ISIS with murdered victims
In the Middle Ages, murderous European Christians happily killed pagans, Jews, Muslims and everyone else, including other Christians, who didn’t follow the dominant Roman Catholic faith.

In the Middle East, we’re watching the same effort to place people under religious control, this time by rampaging zealots under the umbrella term ISIS who are brutally massacring nonbelievers in their form of Islam.  The same thing is happening in Africa with Boko Haram.

Such groups are advocating a modern form of Nazism: the horrific belief that everyone else is dispensable simply because they don’t belong to the “elite” group.  Such an approach divides everyone into “us” and “they.”  Any nonbelievers face extermination.

As a result, ending Christianity then would accomplish nothing.  It would simply give an opening for extremists of any faith to march through.

Mother Teresa
Moreover, Christianity isn’t “wrong.”  No belief is.  It’s only wrong to nonbelievers.  And, the faith has engendered incredible acts of love and charity, such as Mother Teresa’s heroic efforts among the poor in India.  Religion makes such loving efforts possible.  All religions honor those who willingly sacrifice themselves on the behest of the downtrodden and needy.

Finally, religion has long served as societal glue, a philosophy that underpins human efforts to live together.  The late religious historian Dr. Jaroslav Pelikan pointed out that Western civilization would be nothing without Christianity.  That view is correct, and it’s also true of any culture.  Belief in gods empowered the Egyptian, Greek, Roman and other societies.

Religion provides meaning and context for an otherwise meaningless existence.  Nothing else in human thought carries that enormous weight.

Osiris
Christianity still could disappear.  After all, who believes in Osiris anymore? Dionysus?  Zeus?  Christianity has no anchor or claim to immortality.  It has only existed for less than 2,000 years anyway, a merely fraction of human existence.  In a few years, however, the next generation of Facebook friends probably would be calling for the elimination of whatever faith replaced it.

Any belief may die out.  Religion is not going anywhere.




Long-time religious historian Bill Lazarus regularly writes about religion and religious history.  He also speaks at various religious organizations throughout Florida.  You can reach him at www.williamplazarus.net.  He is the author of the famed Unauthorized Biography of Nostradamus; The Last Testament of Simon Peter; The Gospel Truth: Where Did the Gospel Writers Get Their Information; Noel: The Lore and Tradition of Christmas Carols; and Dummies Guide to Comparative Religion.  His books are available on Amazon.com, Kindle, bookstores and via various publishers.  He can also be followed on Twitter.

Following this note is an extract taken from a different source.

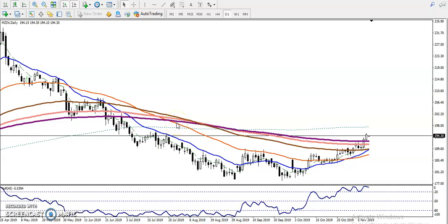This is zinc on the daily chart. Zinc is running in a downtrend according to the moving average crossover on a large time frame. But in a medium-term time frame, zinc is running in an uptrend because the 20 moving average is above the 50 moving average. On the daily chart, the 50 moving average is running below the 150 moving average, so the daily chart is running in a downtrend. This is called a correction.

You can enroll in his on-line class, Comparative Religion for Dummies, at http://www.udemy.com/comparative-religion-for-dummies/?promote=1




Wednesday, May 13, 2015

Limitations of Heaven


Jesus in heaven
Heaven has always been one of those nebulous illusions that morphs to fit any mindset.  For a Christian, for example, it’s some kind of cloud-filled place with multiple angels playing harps.  One minister, Rev. Brown, told me that he expected to spend eternity at the foot of Jesus soaking up knowledge.

He didn’t explain what he would do with that information since classrooms and seminars were not part of his vision.

For Muslims, heaven is a kind of reward for a good life or valiant death.  There, virgins await incoming souls.  I’m not sure who the virgins are or what happens to the valiant wives left behind.  Maybe they are transformed into virgins when they ascend to heaven, assuming women can go to heaven.  I doubt Muslim beliefs would give them male virgins as playthings.
vision of Hindu heaven

Jews just sleep until united with God.  They used to have a heaven and hell, but those ideas were smothered by Christian teachings, so the Jews shucked them.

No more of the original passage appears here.